June 22, 2018
Anu Dubey
Securities and Exchange Commission
Division of Investment Management
100 F Street, NE
Washington, D.C. 20549
Phone: (202) 551-6782
Re: | Impact Shares Trust I (the Trust) |
Pre-Effective Amendment No. 1 to the Registration Statement on Form N-1A
File Nos. 333-221764 and 811-23312
Dear Ms. Dubey:
On June 15, 2018, you telephonically provided comments (the Comments) on Pre-Effective Amendment No. 2 to the registration statement on Form N-1A filed on May 8, 2018 for the Trust with respect to Impact Shares YWCA Womens Empowerment ETF (the Womens Fund) and Impact Shares NAACP Minority Empowerment ETF (the Minority Fund and together with the Womens Fund, the Funds), each a series of the Trust (the Amendment). We have reviewed the Comments and have provided our responses below. Corresponding changes will be made in the next pre-effective amendment to the Trusts registration statement on Form N-1A (Pre-Effective Amendment No. 3). All capitalized terms not otherwise defined in this letter have the meanings given to them in the Amendment.
We have determined not to move forward with the registration of the Womens Fund at this time and have removed references to the Womens Fund from the Trusts registration statement.
General
1. | Comment: In the response letter from the Trust dated May 8, 2018, the Trust confirmed that no back-tested performance information for either Underlying Index will be provided on the referenced websites. The Staff noted that the index methodology documents setting forth the construction rules for each Underlying Index refer to back-tested performance information. The Staff requests that these documents be revised to remove back-tested performance information. If the Trust declines to make the requested changes, the Staff will have additional comments on such disclosure. The Staff requests that the Trust confirm that no back-tested performance with respect to either Underlying Index will be used in any advertising or marketing materials with respect to the Funds.
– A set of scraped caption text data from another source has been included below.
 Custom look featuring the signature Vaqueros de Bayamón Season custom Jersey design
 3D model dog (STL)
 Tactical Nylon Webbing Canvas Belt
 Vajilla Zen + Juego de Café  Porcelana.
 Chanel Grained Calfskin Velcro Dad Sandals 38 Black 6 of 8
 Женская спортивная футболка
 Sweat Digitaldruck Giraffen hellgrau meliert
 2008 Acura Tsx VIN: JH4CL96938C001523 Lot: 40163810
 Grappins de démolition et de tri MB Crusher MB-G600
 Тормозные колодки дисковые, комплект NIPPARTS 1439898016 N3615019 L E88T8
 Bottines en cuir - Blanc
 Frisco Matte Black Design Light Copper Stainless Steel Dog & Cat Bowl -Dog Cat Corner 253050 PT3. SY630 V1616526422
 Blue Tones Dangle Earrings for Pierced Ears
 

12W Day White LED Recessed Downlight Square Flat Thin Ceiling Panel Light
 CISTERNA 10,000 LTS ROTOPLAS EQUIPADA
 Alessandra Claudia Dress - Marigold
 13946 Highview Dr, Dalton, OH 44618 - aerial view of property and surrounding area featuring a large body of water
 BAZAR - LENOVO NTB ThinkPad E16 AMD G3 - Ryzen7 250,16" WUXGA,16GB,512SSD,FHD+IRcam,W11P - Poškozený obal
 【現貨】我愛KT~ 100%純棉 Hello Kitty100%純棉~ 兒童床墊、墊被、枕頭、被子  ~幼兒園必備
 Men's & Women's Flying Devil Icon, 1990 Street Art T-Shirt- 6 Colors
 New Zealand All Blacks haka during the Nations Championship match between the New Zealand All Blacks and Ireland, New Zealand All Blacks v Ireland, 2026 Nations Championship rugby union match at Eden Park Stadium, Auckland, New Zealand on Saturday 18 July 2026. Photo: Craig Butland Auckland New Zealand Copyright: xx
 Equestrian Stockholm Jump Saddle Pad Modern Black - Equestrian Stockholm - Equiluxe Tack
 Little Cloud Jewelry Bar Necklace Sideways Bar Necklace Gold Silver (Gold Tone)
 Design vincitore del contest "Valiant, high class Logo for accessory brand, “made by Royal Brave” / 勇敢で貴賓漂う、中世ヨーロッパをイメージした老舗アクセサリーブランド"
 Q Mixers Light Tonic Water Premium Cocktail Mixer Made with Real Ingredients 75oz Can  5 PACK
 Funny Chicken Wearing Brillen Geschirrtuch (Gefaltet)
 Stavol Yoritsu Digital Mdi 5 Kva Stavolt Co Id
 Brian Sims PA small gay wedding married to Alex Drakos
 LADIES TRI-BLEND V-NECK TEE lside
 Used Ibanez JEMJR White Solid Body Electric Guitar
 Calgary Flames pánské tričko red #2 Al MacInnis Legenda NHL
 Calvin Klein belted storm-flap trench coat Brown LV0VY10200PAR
The Staff also requests that the Trust confirm that no back-tested performance information with respect to either Underlying Index will be included on the website for (i) the Funds, (ii) the Adviser, (iii) the Index Providers or (iv) the Calculation Agents. |
Response: The Trust confirms that: (i) the referenced back-tested performance information has been removed from the index methodology document for the Minority Funds Underlying Index; (ii) no back-tested performance with respect to the Minority Funds Underlying Index will be used in any advertising or marketing materials with respect to the Minority Fund; and (iii) no back-tested performance information with respect to the Minority Funds Underlying Index will be included on the website for the (a) Minority Fund, (b) Adviser, (c) Index Provider or (d) Calculation Agent.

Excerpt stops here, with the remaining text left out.